Keyword density represents an index of the chosen keyword in the web page. But keep in mind, keywords should not be hyper-practiced, but had better be precisely adequate enough to come out at significant places.
If you replicate your keywords with all other word in all sentences, then your web site will in all likelihood be disapproved as a contrived web site or junk site.
Keyword concentration is all of the time extracted as a percentage of the overall word content on a generated web site.
Say you’ve one hundred words on your web site (not counting HMTL encrypt used for written material of the web site), and you write a certain keyword 6 times in the content. The keyword concentration on that web page is calculated by simply dividing the overall number of keywords, by the overall number of words that are written on your web site. So here it’s 6 divided by one hundred is equal to 0.06. As keyword density is a portion of the overall word count on the web page, to get percentage multiply the 0.06 by 100, that’s 0.06 x 100 = 6%
The recognized standard for a keyword concentration is in between three percent to six percent, to get picked out by the SEs and you should better never overstep it.
Never forget, that this formula holds to all web pages on your site. It applies not just to a single keyword but also to set of keyword that associates to another product or search. The keyword concentration should all of the time in between 3 % to 6 %.
Some Easy steps to find out the density:
Cut and paste the article from a single web page into a word-processing software system for instance Microsoft Word or Word Perfect.
Click to the ‘Edit’ and then ‘Select All’. Then click to the ‘Tools’ menu and click to ‘Word Count’. Write down the overall number of words in the web page.

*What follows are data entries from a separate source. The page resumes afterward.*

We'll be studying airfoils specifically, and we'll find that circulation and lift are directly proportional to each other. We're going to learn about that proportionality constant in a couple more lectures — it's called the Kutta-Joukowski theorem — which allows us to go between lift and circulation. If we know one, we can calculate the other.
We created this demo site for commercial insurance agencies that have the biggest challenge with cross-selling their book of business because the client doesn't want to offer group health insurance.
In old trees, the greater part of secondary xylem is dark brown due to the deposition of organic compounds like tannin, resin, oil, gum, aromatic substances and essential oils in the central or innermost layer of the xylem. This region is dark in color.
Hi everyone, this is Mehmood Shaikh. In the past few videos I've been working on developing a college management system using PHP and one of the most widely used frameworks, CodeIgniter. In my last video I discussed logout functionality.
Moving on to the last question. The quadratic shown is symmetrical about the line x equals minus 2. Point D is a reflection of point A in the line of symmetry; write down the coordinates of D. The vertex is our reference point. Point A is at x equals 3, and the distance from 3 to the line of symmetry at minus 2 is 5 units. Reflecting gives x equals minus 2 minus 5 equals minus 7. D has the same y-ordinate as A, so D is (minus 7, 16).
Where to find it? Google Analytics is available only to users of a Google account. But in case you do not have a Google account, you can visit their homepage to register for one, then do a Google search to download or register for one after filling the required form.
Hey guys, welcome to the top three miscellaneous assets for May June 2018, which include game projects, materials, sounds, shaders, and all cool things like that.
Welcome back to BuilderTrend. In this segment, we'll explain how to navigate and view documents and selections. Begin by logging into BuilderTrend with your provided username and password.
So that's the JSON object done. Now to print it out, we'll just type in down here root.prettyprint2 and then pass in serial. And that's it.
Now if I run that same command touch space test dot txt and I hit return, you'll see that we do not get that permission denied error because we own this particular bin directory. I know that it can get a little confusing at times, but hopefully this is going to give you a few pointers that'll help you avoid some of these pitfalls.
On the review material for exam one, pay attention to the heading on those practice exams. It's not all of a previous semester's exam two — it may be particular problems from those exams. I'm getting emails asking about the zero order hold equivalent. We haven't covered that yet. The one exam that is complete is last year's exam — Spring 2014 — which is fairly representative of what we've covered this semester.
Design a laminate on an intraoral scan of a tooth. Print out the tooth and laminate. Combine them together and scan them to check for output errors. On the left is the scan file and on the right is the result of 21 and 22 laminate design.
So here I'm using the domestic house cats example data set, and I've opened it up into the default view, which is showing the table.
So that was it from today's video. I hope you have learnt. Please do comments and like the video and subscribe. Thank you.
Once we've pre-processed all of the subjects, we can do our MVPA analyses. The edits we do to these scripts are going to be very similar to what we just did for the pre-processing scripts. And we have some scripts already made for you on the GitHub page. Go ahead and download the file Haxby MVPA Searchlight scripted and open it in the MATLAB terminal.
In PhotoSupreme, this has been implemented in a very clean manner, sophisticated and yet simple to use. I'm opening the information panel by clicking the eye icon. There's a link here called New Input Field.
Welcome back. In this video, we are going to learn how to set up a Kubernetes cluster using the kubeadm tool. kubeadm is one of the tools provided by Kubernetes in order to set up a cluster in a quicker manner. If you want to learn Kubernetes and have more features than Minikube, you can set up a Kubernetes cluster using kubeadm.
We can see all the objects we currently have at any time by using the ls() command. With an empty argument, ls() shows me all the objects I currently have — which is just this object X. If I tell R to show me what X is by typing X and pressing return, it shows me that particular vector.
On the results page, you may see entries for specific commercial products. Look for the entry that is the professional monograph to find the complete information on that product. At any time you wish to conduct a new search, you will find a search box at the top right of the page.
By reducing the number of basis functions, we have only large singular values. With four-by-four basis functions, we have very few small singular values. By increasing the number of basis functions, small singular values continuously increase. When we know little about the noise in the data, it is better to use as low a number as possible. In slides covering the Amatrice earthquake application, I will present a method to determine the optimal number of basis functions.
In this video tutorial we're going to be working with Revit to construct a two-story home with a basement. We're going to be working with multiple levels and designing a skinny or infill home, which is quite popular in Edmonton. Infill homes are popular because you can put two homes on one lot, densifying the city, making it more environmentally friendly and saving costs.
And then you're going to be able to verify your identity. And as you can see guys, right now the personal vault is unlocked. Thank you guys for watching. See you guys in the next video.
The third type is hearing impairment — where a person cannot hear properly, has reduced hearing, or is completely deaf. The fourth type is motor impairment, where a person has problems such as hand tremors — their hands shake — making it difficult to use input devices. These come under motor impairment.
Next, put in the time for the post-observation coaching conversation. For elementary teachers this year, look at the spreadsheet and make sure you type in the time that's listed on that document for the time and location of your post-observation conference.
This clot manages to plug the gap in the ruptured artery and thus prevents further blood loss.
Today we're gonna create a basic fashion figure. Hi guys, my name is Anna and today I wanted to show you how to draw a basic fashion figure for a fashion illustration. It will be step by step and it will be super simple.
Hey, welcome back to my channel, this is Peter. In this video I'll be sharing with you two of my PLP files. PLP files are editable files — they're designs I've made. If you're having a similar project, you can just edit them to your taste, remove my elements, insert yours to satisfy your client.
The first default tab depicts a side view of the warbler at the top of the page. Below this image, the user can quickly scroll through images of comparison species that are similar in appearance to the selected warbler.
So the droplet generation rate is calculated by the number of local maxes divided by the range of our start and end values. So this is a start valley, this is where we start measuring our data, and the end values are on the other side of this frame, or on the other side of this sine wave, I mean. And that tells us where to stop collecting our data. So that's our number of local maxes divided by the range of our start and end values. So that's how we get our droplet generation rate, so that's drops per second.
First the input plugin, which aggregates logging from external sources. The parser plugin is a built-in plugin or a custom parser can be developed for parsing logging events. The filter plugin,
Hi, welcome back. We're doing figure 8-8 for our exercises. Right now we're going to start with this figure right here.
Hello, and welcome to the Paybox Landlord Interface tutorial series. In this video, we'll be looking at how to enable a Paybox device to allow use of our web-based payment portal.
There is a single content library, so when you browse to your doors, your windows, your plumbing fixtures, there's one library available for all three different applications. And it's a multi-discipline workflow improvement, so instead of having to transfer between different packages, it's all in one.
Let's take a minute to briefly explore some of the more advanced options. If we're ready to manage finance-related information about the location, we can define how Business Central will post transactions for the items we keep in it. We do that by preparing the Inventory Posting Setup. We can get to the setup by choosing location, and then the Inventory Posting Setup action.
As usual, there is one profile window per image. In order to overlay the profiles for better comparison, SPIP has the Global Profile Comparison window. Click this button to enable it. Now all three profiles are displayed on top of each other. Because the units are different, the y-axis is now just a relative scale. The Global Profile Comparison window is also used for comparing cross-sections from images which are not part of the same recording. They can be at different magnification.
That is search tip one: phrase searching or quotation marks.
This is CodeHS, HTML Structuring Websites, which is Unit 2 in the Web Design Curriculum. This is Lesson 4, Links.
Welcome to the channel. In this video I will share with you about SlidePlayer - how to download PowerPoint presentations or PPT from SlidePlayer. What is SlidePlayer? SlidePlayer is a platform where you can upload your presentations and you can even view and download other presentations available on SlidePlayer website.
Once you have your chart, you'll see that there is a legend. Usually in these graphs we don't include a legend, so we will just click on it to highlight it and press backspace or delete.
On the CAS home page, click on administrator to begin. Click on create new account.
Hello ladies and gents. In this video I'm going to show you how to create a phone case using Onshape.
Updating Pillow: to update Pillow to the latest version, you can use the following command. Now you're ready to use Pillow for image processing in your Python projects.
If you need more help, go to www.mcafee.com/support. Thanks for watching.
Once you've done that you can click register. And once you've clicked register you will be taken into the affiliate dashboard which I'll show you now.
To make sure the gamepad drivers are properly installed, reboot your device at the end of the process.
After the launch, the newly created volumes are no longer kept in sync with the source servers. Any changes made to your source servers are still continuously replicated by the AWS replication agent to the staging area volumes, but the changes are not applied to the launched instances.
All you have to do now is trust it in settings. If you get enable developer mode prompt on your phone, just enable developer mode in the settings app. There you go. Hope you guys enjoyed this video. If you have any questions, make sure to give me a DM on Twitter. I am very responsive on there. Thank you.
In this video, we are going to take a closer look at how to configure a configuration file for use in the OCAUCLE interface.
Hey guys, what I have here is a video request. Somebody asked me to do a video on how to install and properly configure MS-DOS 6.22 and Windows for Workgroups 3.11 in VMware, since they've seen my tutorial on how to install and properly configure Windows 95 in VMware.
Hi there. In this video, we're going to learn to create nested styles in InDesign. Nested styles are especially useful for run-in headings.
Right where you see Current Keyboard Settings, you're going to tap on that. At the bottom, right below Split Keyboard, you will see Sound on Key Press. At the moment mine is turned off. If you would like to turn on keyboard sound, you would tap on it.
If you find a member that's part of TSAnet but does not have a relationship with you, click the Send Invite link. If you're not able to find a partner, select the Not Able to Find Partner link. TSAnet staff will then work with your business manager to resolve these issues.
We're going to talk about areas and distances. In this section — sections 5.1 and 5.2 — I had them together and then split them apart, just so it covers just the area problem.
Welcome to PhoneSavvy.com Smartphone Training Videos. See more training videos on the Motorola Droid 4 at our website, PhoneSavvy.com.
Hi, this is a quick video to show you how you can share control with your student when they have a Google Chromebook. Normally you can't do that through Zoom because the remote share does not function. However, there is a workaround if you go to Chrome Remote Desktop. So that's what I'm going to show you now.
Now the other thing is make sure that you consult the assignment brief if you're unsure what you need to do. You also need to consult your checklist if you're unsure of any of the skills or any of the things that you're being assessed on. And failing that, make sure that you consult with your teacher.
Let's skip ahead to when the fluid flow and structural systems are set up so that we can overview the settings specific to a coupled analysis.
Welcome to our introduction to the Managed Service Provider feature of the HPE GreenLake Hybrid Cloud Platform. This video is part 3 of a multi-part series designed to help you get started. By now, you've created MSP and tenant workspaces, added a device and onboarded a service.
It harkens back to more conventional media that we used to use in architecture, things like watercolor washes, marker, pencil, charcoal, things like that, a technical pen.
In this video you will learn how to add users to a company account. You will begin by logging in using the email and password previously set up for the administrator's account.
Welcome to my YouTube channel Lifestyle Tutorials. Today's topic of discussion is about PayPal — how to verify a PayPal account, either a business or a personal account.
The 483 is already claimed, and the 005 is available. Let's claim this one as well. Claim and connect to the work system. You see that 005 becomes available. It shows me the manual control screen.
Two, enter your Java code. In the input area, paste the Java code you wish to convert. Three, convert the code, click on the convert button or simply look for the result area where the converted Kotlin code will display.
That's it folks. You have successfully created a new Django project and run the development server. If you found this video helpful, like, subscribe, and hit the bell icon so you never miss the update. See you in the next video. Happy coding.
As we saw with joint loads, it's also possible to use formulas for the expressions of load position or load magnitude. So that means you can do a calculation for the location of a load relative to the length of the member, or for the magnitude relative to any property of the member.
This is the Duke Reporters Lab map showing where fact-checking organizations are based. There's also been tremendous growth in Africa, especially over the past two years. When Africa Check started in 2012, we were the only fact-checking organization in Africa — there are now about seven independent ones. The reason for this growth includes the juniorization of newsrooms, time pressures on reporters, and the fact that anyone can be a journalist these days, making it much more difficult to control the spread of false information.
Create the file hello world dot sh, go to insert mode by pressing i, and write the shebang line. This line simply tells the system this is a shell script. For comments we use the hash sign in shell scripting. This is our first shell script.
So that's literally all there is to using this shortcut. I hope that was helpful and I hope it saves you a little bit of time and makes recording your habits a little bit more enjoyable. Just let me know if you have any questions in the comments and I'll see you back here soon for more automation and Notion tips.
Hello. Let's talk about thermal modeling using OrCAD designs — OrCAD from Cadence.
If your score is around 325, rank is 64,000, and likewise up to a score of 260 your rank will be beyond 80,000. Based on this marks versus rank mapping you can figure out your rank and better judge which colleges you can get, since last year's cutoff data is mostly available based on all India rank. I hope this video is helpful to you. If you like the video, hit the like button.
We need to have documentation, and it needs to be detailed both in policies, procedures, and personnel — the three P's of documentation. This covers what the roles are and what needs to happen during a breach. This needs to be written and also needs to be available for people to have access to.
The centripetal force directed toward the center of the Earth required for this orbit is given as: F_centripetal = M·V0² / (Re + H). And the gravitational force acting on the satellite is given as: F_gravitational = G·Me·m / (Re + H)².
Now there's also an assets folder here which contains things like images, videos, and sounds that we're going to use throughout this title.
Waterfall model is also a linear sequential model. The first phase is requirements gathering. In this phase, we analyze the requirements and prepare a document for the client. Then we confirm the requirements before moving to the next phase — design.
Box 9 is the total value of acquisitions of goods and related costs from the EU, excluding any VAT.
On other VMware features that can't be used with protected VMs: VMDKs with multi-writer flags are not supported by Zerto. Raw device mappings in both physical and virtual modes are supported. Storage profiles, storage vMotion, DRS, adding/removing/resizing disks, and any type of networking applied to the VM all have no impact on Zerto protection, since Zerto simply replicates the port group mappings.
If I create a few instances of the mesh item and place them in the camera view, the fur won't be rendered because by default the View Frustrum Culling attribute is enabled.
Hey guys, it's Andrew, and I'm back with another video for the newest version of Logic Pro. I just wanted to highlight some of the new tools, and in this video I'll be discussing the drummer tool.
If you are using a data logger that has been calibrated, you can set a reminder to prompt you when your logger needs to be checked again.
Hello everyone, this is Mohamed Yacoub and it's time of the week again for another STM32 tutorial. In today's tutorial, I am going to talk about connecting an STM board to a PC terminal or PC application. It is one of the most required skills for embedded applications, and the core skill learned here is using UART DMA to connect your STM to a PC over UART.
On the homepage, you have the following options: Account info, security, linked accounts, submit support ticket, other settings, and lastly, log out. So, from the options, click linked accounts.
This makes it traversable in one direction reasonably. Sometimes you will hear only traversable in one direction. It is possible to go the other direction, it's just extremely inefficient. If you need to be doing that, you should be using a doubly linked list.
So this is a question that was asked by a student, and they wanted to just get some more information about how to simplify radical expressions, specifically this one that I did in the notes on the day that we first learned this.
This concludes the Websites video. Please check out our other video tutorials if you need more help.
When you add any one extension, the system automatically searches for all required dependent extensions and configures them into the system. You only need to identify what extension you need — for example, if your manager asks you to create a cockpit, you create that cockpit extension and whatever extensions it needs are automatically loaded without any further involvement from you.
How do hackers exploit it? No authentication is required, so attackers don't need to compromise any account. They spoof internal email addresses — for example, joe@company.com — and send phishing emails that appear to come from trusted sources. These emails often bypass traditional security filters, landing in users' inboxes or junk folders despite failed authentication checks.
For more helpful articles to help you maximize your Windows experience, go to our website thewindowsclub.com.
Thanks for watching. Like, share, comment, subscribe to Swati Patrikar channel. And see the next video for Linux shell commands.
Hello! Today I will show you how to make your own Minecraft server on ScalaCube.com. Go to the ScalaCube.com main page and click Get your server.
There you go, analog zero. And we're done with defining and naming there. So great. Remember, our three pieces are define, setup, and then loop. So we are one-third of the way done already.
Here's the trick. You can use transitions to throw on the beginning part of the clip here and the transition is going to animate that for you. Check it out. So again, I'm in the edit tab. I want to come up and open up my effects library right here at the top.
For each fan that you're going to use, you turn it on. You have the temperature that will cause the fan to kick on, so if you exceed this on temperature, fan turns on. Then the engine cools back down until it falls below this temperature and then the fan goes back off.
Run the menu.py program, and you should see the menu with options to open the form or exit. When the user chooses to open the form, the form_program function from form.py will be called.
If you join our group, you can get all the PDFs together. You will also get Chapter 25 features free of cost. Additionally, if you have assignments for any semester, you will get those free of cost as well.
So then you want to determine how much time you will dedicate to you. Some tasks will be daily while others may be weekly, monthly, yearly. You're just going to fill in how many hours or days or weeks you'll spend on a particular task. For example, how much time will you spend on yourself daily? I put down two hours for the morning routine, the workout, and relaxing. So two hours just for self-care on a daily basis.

Now click the ‘Find’ on the ‘Edit’ menu. Select the ‘Replace’ tab and write in the keyword you would like to find. ‘Substitute’ that word by the similar word, so you do not alter the text.
When you finish the replace function, the system will give a calculation of the words you substituted. That provides the number of times you’ve written the keyword in that web page.
Using the overall word count for the web page and the overall number of keywords you can now directly count the keyword density.